══ Materials provided

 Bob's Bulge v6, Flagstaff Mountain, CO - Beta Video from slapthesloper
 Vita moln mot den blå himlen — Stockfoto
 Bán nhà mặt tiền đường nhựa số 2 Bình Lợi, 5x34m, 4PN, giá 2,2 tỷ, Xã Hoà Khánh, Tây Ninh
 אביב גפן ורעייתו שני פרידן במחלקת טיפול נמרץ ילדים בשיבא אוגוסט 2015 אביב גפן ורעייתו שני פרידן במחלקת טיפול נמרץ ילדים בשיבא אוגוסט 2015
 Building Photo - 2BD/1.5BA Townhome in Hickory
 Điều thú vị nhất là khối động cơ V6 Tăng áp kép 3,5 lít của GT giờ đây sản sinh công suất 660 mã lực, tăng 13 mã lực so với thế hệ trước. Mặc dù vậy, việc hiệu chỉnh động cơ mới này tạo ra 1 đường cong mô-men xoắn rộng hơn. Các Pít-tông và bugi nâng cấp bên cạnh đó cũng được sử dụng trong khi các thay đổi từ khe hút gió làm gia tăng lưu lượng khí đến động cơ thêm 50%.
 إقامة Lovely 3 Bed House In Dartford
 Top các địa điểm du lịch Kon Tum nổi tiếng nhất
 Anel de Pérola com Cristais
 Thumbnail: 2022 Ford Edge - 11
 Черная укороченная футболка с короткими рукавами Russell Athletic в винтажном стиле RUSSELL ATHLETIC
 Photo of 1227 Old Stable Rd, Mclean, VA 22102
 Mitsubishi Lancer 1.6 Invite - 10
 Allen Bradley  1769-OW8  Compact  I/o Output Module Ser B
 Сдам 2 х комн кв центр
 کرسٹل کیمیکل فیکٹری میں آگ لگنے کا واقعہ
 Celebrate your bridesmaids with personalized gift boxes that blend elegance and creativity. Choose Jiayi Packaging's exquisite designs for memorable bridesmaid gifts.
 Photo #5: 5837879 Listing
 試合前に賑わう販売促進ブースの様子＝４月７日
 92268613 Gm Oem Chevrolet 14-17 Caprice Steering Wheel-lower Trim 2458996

════

▶ _Task brief_: Lines after the one containing "Bán nhà mặt" are not part of the task. Output the entries exactly from their first line through that one.

▶ _Result of this task_:
 Bob's Bulge v6, Flagstaff Mountain, CO - Beta Video from slapthesloper
 Vita moln mot den blå himlen — Stockfoto
 Bán nhà mặt tiền đường nhựa số 2 Bình Lợi, 5x34m, 4PN, giá 2,2 tỷ, Xã Hoà Khánh, Tây Ninh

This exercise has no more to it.